◆ **PROBLEM STATEMENT**: Your task is to copy every line below that contains the word "Retractable".

Crawled caption data
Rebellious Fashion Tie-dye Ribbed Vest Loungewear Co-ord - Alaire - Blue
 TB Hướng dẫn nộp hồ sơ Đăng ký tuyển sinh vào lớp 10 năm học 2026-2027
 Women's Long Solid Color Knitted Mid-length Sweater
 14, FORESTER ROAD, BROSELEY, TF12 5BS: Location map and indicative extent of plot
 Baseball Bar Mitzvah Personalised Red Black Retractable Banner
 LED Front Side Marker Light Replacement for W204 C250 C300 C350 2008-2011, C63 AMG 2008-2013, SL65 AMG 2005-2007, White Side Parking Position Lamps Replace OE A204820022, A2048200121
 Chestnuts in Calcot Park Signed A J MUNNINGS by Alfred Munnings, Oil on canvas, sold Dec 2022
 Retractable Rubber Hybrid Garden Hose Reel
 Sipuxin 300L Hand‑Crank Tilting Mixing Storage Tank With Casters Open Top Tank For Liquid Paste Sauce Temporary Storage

◆ **WRITTEN SOLUTION**:
 Baseball Bar Mitzvah Personalised Red Black Retractable Banner
 Retractable Rubber Hybrid Garden Hose Reel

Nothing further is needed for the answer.